Required action: In the records below, find the line with "Зарядний адаптер блок", then copy each line exactly until you have copied the line with "Steaming bowl of". Leave any picture out.

Stored data:
──────
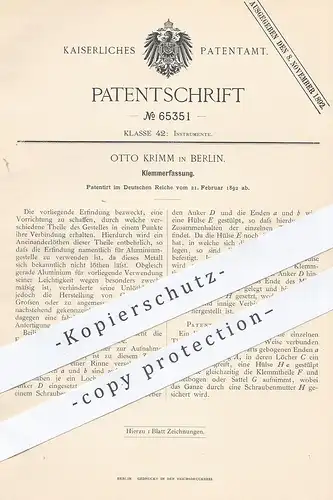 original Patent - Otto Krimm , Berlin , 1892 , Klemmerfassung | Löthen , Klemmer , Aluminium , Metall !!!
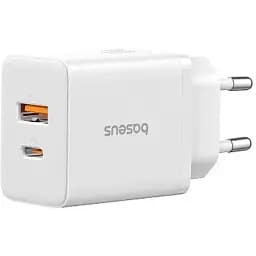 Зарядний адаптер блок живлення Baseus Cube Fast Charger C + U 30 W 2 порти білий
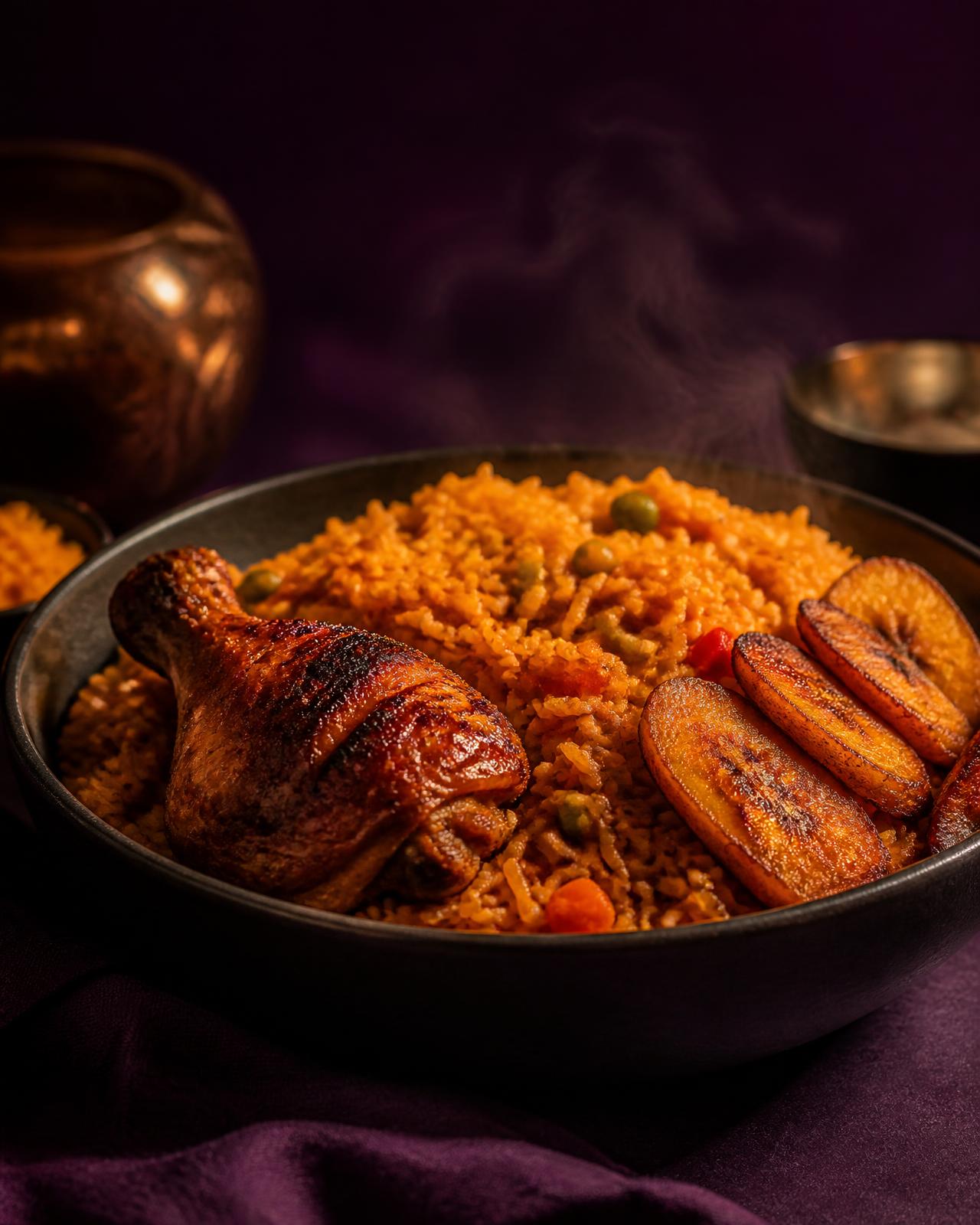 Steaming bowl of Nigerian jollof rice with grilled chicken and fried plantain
──────
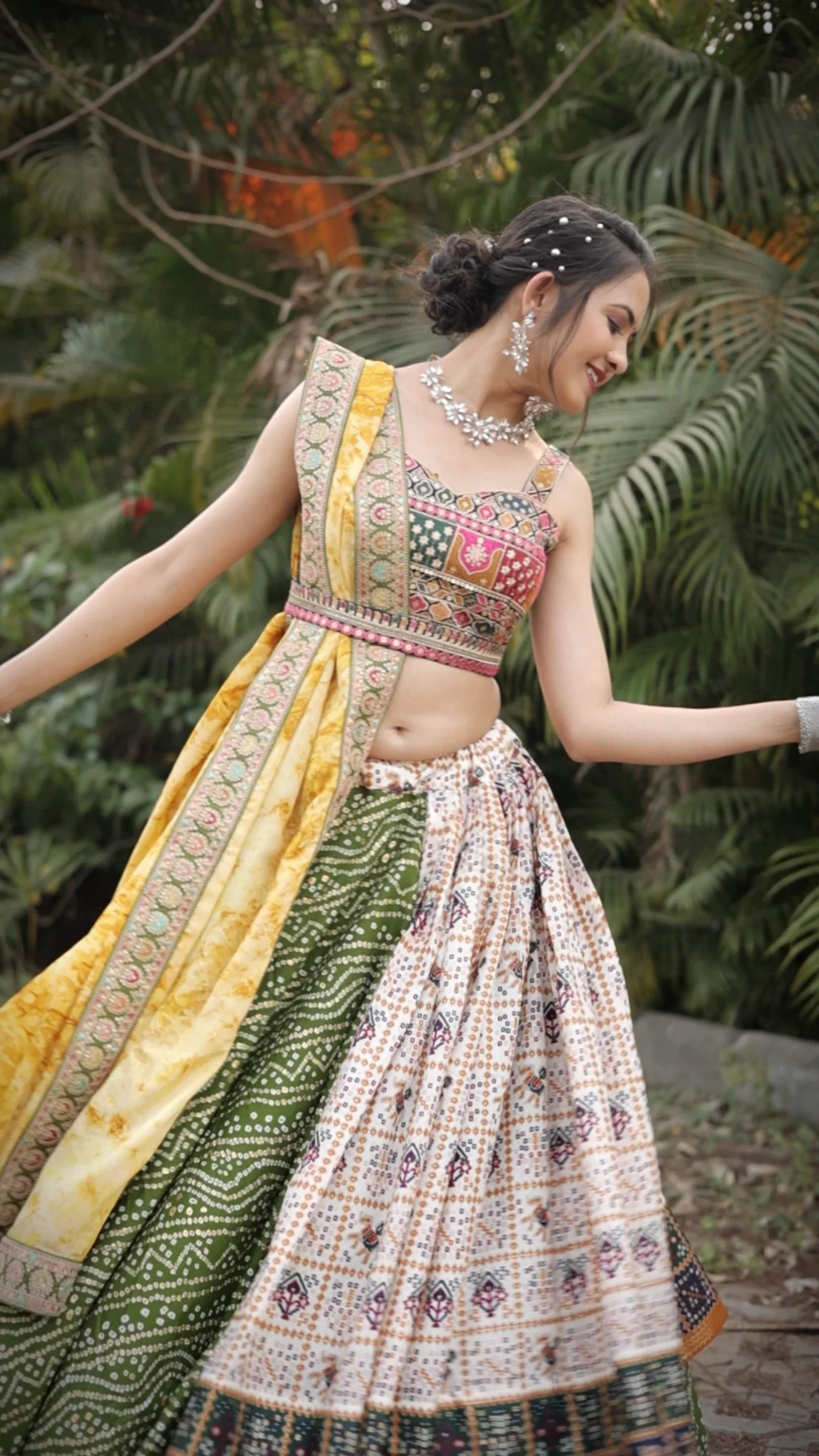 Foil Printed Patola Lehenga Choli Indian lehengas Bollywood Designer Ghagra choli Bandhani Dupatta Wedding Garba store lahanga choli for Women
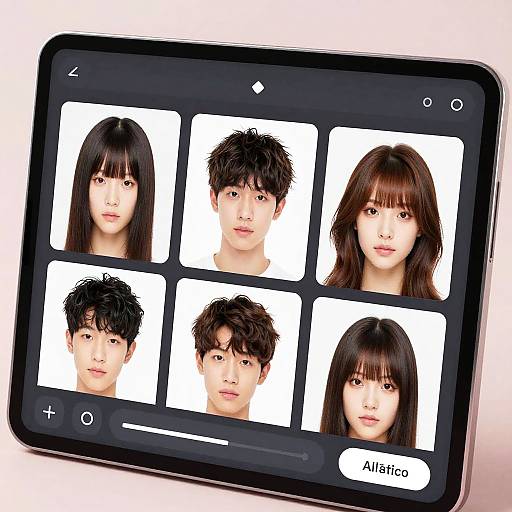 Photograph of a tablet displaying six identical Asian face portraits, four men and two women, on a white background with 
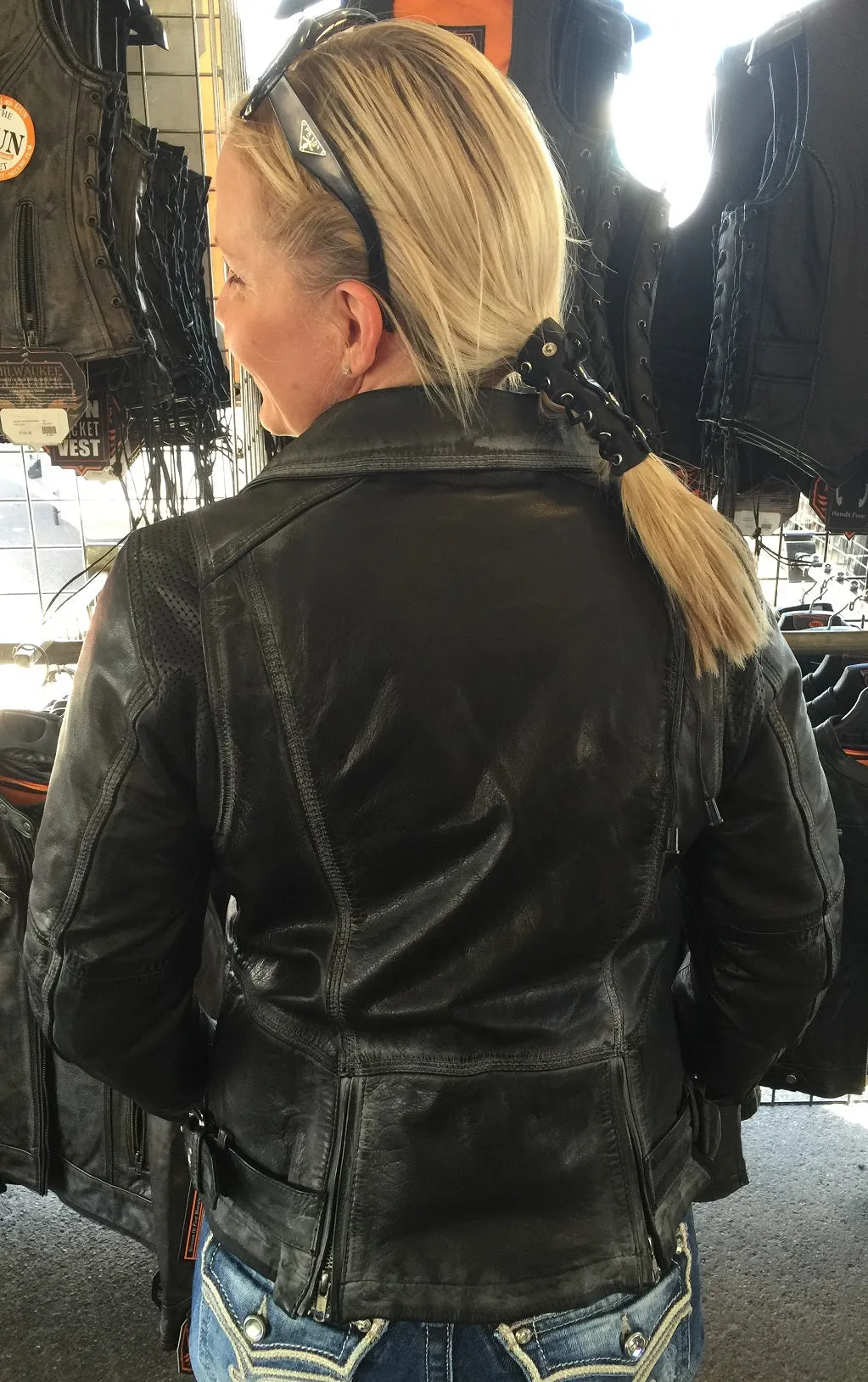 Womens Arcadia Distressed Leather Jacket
──────
Task solution:
 Зарядний адаптер блок живлення Baseus Cube Fast Charger C + U 30 W 2 порти білий
 Steaming bowl of Nigerian jollof rice with grilled chicken and fried plantain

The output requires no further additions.